The task -
The stretch wanted below opens at the line containing "Grain structure without" and closes at the line containing "Rampage RMS-G8 25W". Please return it exactly, with no other lines.

Data for processing -
= = = = = = =

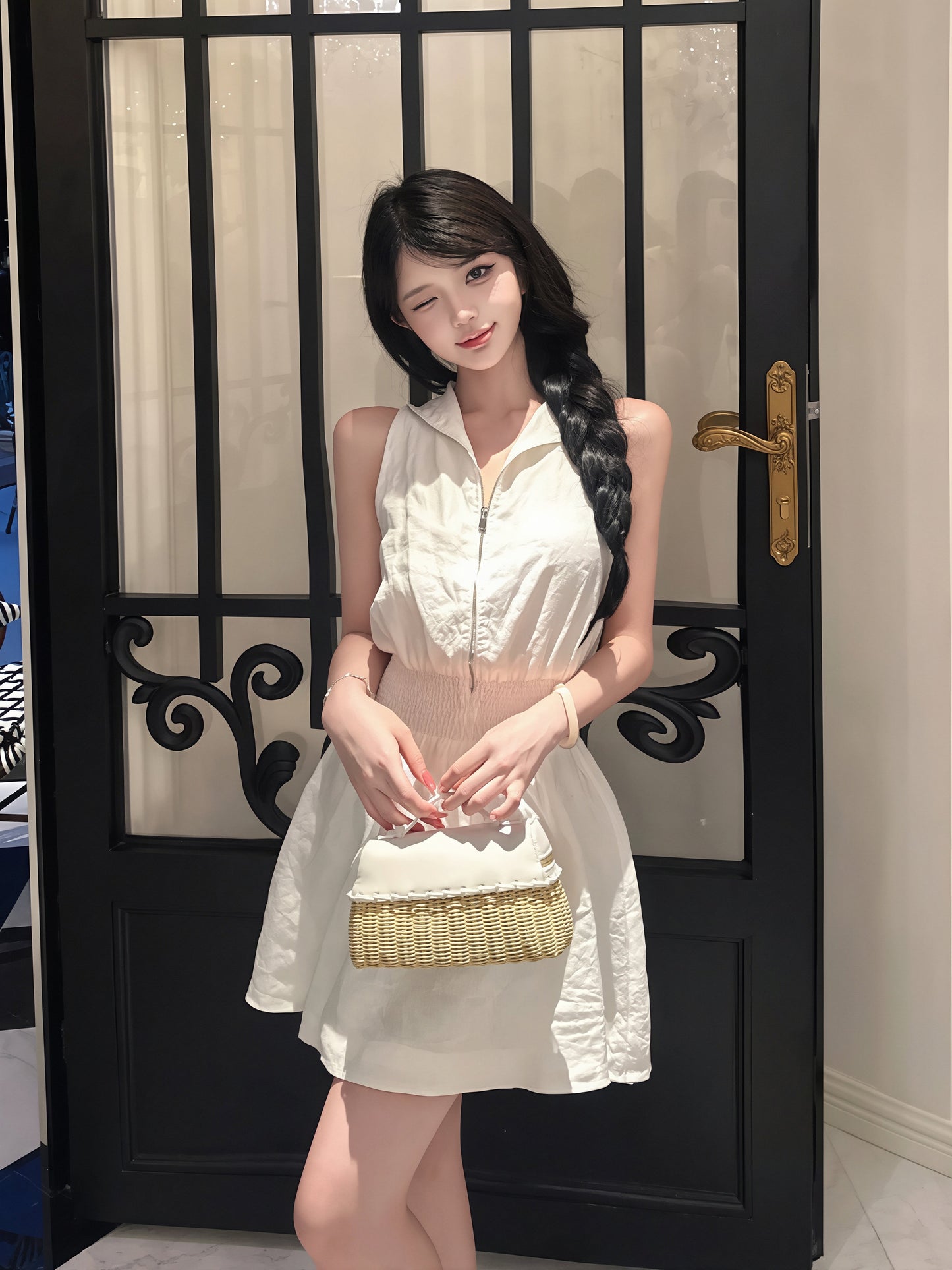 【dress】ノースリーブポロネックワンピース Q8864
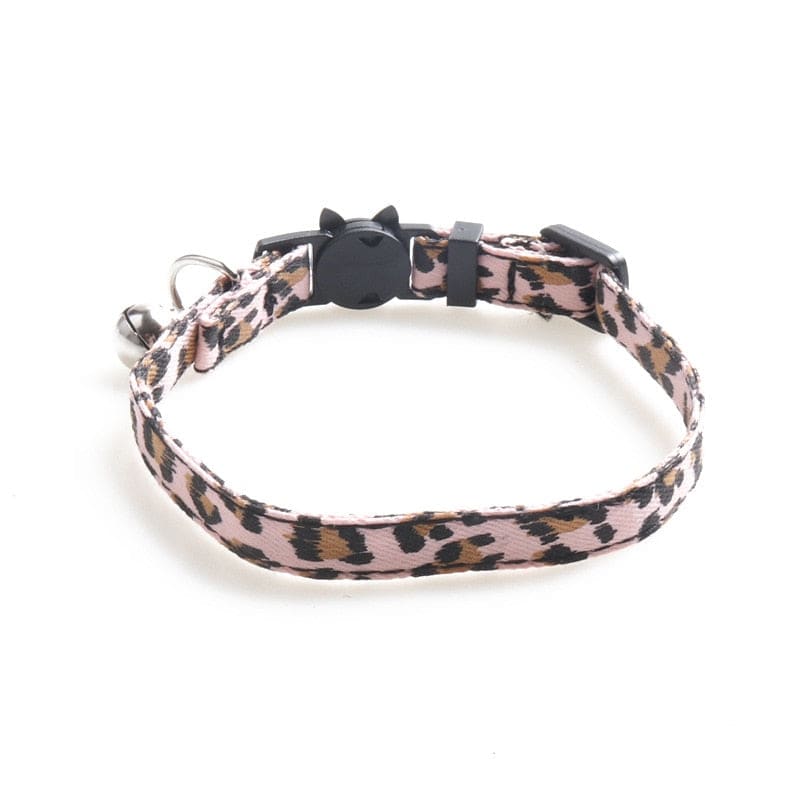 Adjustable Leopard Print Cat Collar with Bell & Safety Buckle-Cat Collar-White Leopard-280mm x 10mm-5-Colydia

= = = = = = =

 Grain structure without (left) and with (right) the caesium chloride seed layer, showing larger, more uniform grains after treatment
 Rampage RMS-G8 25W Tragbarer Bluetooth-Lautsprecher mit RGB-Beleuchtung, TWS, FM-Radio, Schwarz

= = = = = = =

Answer space -
 Grain structure without (left) and with (right) the caesium chloride seed layer, showing larger, more uniform grains after treatment
 Rampage RMS-G8 25W Tragbarer Bluetooth-Lautsprecher mit RGB-Beleuchtung, TWS, FM-Radio, Schwarz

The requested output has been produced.